The project will initiate a systematic study of statistical models for network data and other complex data structures which commonly arise from interacting and self-organizing processes such as protein folding, gene expression, neural functioning, economic activity, and social behavior. A focus of the project is to address novel challenges that cannot be handled by common approaches to statistical modeling and inference, which often rely on assumptions of (i) statistical regularity, (ii) short range dynamics driven by forces exogenous to the data, and (iii) representability of the data as the aggregation of isolated measurements taken on a representative sample of units. These assumptions are often violated in complex data problems, which are characterized by (i) high levels of interaction among different components of the data, (ii) dynamical behaviors driven by endogenous feedback mechanisms, and (iii) partial or complete irreducibility of the data structure. The project will produce new methodologies, theoretical results, and conceptual insights for statistical inference in these settings.

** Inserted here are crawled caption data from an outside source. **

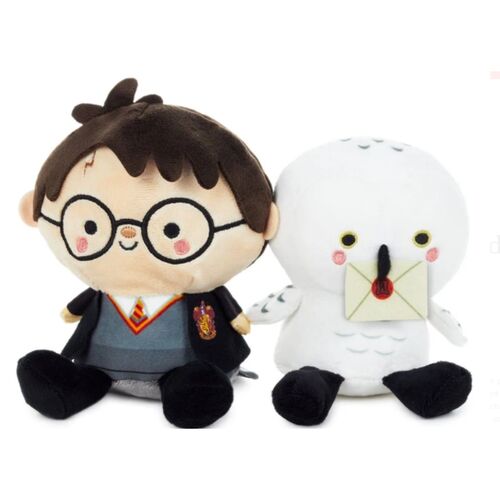 Set of two magnetic soft toys Harry Potter & Hedwig 14 cm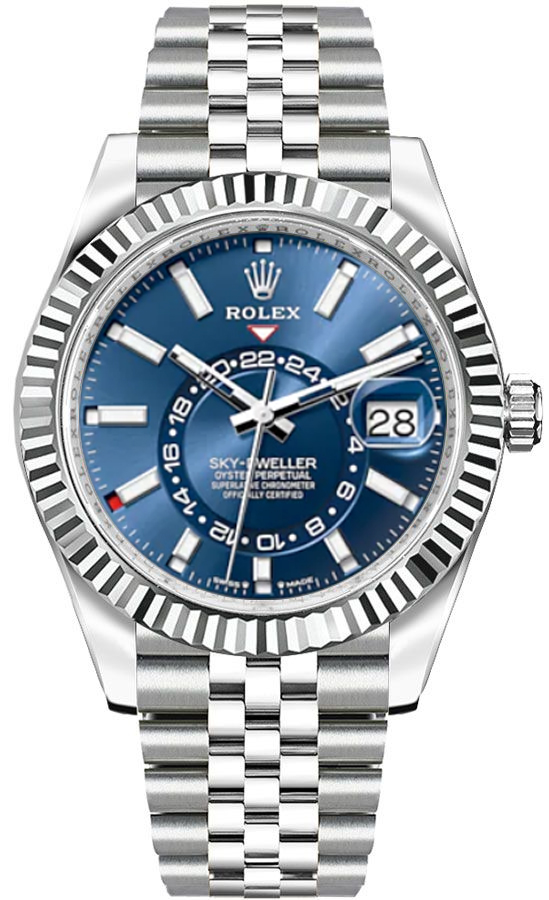 Rolex Sky-Dweller Watches Mens Blue Self Winding Automatic 336934-0006 Watch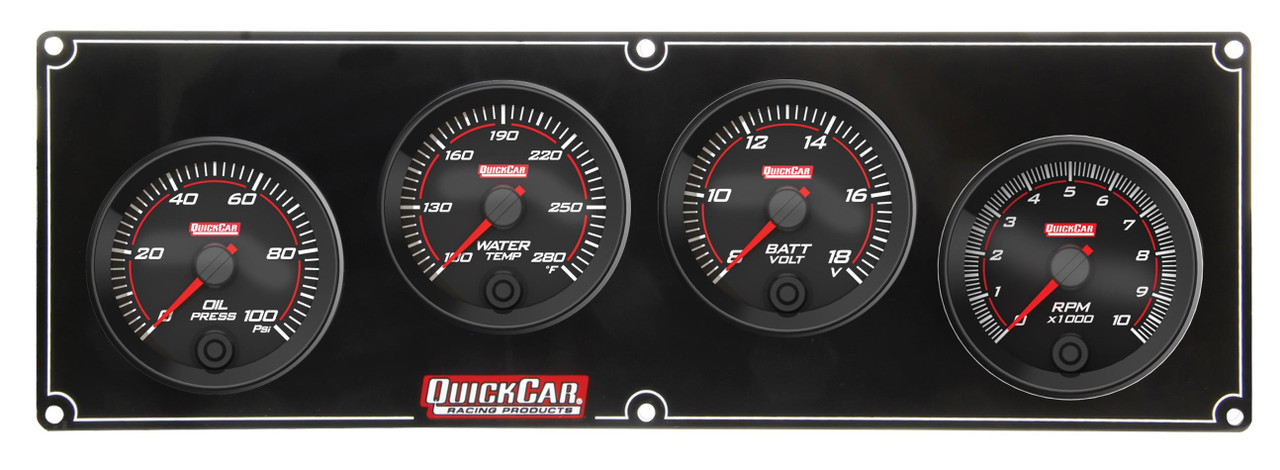 Quickcar Racing Products Redline 3-1 Gauge Panel OP/WT/Volt w/2-5/8in Tac 69-3247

Beyond substantive technical contributions, which will have an impact across scientific domains, research from the project will be widely disseminated to the general public through the PI's participation in forums for communicating probability and statistics to interdisciplinary audiences. The PI trains graduate students and runs a weekly seminar on the Foundations of Probability and Statistics, with videos uploaded for open public access at his website. In addition, the PI advocates strongly for peer review reform and open source publication, and will publish all work from this project for public peer review on Researchers.One, a non-profit publishing outlet aimed at increasing the quality and accessibility of peer review across research disciplines.
To achieve these aims the project will develop rigorous theory and robust statistical methods for analyzing dynamic and complex network data structures. Desired outcomes include new theory, models, methods, and concepts for network analysis, a deeper understanding of the scope and limitations of statistical tools for modern network analysis, and a general framework for modeling network data that arises across scientific disciplines. Model development lies at the core of the project, with a focus on extending recently proposed model classes of edge and relationally exchangeable network models, rewiring models, and graph-valued Levy process models to a flexible statistical framework for latent space relational models and network-valued autoregressive and state space models. From these models, the project will produce a theoretical framework as well as a range of methodological tools for future developments in statistical network analysis. The project will draw on concepts and techniques from a wide range of topics including Bayesian nonparametrics, spatial statistics, time series, probability theory, stochastic processes, and computing, as well as mathematical concepts from graph theory, combinatorics, and algebra. The research will, therefore, contribute substantially to disciplines across the mathematical sciences, where network and complex data analysis have become increasingly relevant for scientific research in proteomics, genomics, economics, social science, finance, biology, computer science, and physics as well as methodologically driven disciplines within statistics and related fields, such as data science, artificial intelligence, and machine learning.
This award reflects NSF's statutory mission and has been deemed worthy of support through evaluation using the Foundation's intellectual merit and broader impacts review criteria.